Engelhardt said he ran a trial with the microbiology lab at the Yale New Haven hospital to demonstrate that ReadyDock disinfects more than 99 percent of the bacteria spread on a device.

Credit Alan Yu/WNPR
Most of the hospital visitors who stopped by a booth to get their phones disinfected admitted they had never even considered the cleanliness of their devices.

That might not be enough, according to Paul Skolnik, an infectious diseases specialist at the University of Connecticut. He said, "The real acid test is: does it make a difference for the patient?"

Skolnik said that rising health care costs mean hospitals should make sure using the device can really reduce the number of infections to patients before installing it widely.

He also said the key to reducing infections isn't always about better technology.

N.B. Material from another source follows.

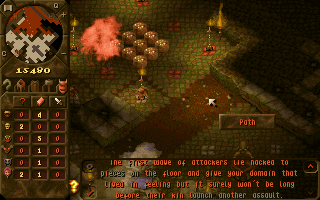 An in-game shot of Dungeon Keeper showing the keeper's treasury.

For example, recently released data from 2012 shows that when compared to national figures, Connecticut hospitals have a lot more infections spread through urinary catheters. Skolnik says doctors know the right procedures for inserting the catheters so they don't get infected, but it's hard to change human behavior.

"The science of infection prevention has come a long way," Skolnik said. "We know for most infectious agents, how these agents are transmitted and we know how to prevent that transmission, the challenge often is more in the social and behavioral sciences than it is in the medical sciences, because you have to have people be able to comply routinely with infection prevention, risk reduction methods."

Skolnik said sometimes that's as simple as making sure people wash their hands.

St. Francis has been testing ReadyDock in the step-down unit since December. The hospital also plans to collect data on how effective it is, with a plan to use the technology in more parts of the hospital in the coming months.